Zum Sachverhalt: Die Klägerin erwarb im September1972 einen gebrauchten Pkw für 7700 DM. Bei dem Kauf trat der Beklagten, ein Kfz-Händler, namens und im Auftrag des Verkäufers auf, dem er für den Wagen 5700 DM gezahlt hatte. Der Beklagten händigte der Kläger eine Photokopie einer Erklärung des Verkäufers aus, nach der der Wagen unfallfrei war, und überließ ihr eine Visitenkarte, auf der er selbst die technischen Daten des Pkw vermerkt und den Zusatz unfallfrei hinzugefügt hatte. Als die Kläger den Pkw am 1. 8. 1973 dem TÜV vorführte, wurden Schweißnähte, ein Rahmenschaden und eine Verbiegung der Lenkung festgestellt, die darauf hindeuteten, dass der Wagen einen Unfall erlitten hatte. Die Kläger fuhr den Pkw weiter. Nach ihrer Behauptung erlitt er am 15. 6. 1975 einen Totalschaden.

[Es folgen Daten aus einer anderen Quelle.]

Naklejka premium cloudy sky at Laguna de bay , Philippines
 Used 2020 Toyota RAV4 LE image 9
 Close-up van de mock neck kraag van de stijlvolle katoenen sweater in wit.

Bereits am 22. 10. 1973 hatte die Kläger gegen den Verkäufer und den Beklagten Klage auf Zahlung von 7700 DM Zug um Zug gegen Herausgabe des Wagens erhoben. Das Landgericht hat die Klage gegen den Verkäufer abgewiesen, weil Ansprüche gegen diesen verjährt seien, und den Beklagten zur Zahlung von 5800 DM gegen Rückgabe des Pkw verurteilt. Das Oberlandesgericht hat auch die Klage gegen den Beklagten abgewiesen. Die Revision der Kläger führte zur Aufhebung und Zurückverweisung.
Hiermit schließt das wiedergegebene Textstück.